Annually, every citizen would receive a select number of vouchers — call them Truth Tokens — to direct toward their preferred local outlet. Whatever someone’s political leanings, ideals or values they could give all, or some, of their vouchers to an organization they gauged as a reliable source of “real news.”
Not only would such a program spur the rise of a more diverse media ecosystem. With a focus on localized media, it might also lead to greater trust in the industry as a whole at a time when confidence in the news media has seen an abysmal decline.
How to pay for such a program? The natural source of funding would be the flush tech behemoths responsible for destroying much of journalism’s old revenue-generating models. The city would put a small tax on every advertisement placed through Google, Facebook and Twitter, targeted at a Seattle audience, whether or not the ad buyer is from Seattle.
The approach, already developed by journalism advocacy group Free Press, functions much like a carbon tax, except it counters the “pollution of the civic discourse” by social media content.
The city already uses public money in a less participatory manner to finance The Seattle Channel, paid for by fees collected from the cable cartel of CenturyLink, Comcast and Wave Division I.
It may be a drastic shift in how we think about sustainable journalism, but it’s one worth making. A free press, after all, is the one mechanism above all others that, in the right hands, can be a leveler of society, allowing a community to outshout the lies and stereotypes projected onto it.

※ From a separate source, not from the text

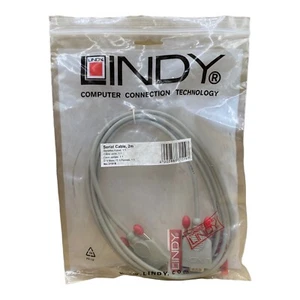 Lindy Computer Connection Serial Extension Cable 9DM/9DF 2m 1:1 31519 - Picture 1 of 6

That is the legacy of a publication like the Seattle Globalist, placing the power of story in the hands of those who needed it most.
Initially founded by three white people, including Partnow, as a way to bridge the international community with Seattle, the Globalist gradually evolved to emphasize social justice reporting and high quality mentorship programs for aspiring journalists at the behest of the community it served.
“We wanted to be what the community wanted and had to be susceptible to change. That’s hard for bureaucratic newsrooms to do most of the time,” says Partnow.
And as the Globalist currently calls upon its community again for financial support and feedback in whatever pathway it might take, Partnow has a request for anyone valuing the equalizing properties of a diverse media:
Listen to the need and respond accordingly.